= Robert Breusch =

American mathematician

Robert Hermann Breusch (April 2, 1907 – March 29, 1995) was an American number theorist, the William J. Walker Professor of Mathematics at Amherst College.

Breusch was born in Freiburg, Germany, and studied mathematics both at the University of Freiburg and the University of Berlin. Unable to secure a university position after receiving his doctorate, Breusch became a schoolteacher near Freiburg, where he met his future wife, Kate Dreyfuss; Breusch was Protestant, but Dreyfuss was Jewish, and the two of them left Nazi Germany for Chile in the mid-1930s. They married there, and Breusch found a faculty position at Federico Santa María Technical University in Valparaíso. In 1939, they left Chile for the United States, inviting Robert Frucht to take Breusch's place at Santa María; after some years working again as a schoolteacher, Breusch found a position at Amherst College in 1943. He became the Walker professor in 1970, and retired to become an emeritus professor in 1973. The Robert H. Breusch Prize in Mathematics, for the best senior thesis from an Amherst student, was endowed in his memory.

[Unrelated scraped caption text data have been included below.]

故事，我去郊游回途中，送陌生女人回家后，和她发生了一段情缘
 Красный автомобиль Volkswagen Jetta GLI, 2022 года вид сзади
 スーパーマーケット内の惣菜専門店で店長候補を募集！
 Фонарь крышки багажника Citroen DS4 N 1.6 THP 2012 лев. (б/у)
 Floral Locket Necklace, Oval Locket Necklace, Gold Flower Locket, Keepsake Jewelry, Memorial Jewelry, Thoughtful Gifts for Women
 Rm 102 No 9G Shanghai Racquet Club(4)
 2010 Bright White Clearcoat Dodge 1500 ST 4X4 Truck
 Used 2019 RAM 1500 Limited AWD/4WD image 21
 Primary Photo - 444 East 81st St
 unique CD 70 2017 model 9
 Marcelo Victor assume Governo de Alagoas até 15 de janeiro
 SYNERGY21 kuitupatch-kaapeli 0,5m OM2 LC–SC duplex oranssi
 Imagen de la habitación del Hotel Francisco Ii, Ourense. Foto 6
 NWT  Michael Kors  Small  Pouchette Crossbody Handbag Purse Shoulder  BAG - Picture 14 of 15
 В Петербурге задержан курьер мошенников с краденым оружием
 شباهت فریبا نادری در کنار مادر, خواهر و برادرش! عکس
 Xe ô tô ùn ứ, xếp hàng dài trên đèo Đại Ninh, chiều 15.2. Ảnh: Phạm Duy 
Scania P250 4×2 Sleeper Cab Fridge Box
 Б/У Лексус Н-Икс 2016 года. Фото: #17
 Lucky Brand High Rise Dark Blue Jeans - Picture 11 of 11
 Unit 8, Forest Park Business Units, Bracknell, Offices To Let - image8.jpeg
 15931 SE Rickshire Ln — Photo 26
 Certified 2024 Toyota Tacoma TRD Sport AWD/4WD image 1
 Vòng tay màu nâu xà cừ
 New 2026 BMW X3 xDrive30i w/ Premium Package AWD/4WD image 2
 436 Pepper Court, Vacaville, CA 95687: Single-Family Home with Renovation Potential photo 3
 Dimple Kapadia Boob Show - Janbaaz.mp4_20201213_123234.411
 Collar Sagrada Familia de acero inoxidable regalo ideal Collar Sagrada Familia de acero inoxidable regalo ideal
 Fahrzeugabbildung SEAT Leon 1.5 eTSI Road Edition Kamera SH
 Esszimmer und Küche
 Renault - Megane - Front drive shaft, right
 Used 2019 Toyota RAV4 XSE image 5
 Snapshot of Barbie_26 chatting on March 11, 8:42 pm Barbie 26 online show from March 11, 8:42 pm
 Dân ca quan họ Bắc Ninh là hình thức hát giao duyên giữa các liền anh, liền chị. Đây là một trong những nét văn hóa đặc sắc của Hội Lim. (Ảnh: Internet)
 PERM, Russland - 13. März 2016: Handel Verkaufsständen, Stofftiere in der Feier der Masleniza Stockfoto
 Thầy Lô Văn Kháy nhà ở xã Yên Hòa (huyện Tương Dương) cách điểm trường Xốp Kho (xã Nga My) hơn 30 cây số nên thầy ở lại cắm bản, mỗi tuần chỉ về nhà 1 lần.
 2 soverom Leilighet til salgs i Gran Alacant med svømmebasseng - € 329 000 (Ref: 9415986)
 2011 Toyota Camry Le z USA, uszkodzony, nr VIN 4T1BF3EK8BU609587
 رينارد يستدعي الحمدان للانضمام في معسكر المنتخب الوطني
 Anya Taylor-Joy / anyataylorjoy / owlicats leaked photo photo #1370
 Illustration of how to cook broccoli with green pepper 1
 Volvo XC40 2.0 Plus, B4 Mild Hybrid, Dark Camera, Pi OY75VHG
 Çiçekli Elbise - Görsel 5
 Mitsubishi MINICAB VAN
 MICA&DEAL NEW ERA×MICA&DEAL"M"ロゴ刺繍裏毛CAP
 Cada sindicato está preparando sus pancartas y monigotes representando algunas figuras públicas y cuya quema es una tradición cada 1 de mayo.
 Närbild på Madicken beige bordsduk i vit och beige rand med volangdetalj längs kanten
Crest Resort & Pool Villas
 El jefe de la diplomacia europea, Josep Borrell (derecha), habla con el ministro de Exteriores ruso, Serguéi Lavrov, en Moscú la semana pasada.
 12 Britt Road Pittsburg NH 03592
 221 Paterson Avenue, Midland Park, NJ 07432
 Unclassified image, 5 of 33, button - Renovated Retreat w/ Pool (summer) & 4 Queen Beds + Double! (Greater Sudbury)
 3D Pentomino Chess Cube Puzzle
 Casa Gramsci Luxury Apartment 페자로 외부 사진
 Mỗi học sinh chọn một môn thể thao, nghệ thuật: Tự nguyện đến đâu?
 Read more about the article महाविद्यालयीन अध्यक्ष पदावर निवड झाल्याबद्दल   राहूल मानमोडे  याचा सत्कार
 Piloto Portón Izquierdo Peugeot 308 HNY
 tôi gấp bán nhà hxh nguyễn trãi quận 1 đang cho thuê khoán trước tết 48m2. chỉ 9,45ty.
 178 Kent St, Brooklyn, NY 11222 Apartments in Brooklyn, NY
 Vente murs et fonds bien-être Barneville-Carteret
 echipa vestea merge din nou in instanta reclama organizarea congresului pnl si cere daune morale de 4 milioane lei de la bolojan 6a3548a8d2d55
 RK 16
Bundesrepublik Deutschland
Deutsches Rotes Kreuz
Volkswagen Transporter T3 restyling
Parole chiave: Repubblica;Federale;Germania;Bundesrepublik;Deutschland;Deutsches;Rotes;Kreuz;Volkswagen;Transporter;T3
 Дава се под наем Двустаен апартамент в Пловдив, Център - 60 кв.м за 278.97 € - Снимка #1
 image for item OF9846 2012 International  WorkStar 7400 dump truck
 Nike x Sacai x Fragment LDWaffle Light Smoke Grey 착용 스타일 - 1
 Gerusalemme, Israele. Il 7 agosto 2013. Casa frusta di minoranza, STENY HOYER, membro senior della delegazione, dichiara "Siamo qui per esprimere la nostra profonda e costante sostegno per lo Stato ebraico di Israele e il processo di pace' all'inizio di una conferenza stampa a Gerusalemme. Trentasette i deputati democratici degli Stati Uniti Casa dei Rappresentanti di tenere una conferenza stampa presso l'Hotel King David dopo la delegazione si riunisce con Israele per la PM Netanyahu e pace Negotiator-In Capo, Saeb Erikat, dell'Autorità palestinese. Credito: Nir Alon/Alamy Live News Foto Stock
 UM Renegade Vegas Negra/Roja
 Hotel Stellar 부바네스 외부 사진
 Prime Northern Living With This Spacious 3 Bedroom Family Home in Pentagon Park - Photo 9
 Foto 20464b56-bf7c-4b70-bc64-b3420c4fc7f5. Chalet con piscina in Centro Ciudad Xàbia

As a mathematician, Breusch was known for his new proof of the prime number theorem and for the many solutions he provided to problems posed in the American Mathematical Monthly. His thesis work combined Bertrand's postulate with Dirichlet's theorem on arithmetic progressions by showing that each of the progressions 3i + 1, 3i + 2, 4i + 1, and 4i + 3 (for i = 0, 1, 2, ...) contains a prime number between x and 2x for every x ≥ 7. For instance, he proved that for n > 47 there is at least one prime between n and (9/8)n. He also wrote a calculus textbook, Calculus and Analytic Geometry with Applications (Prindle, Weber & Schmidt, 1969) with C. Stanley Ogilvy.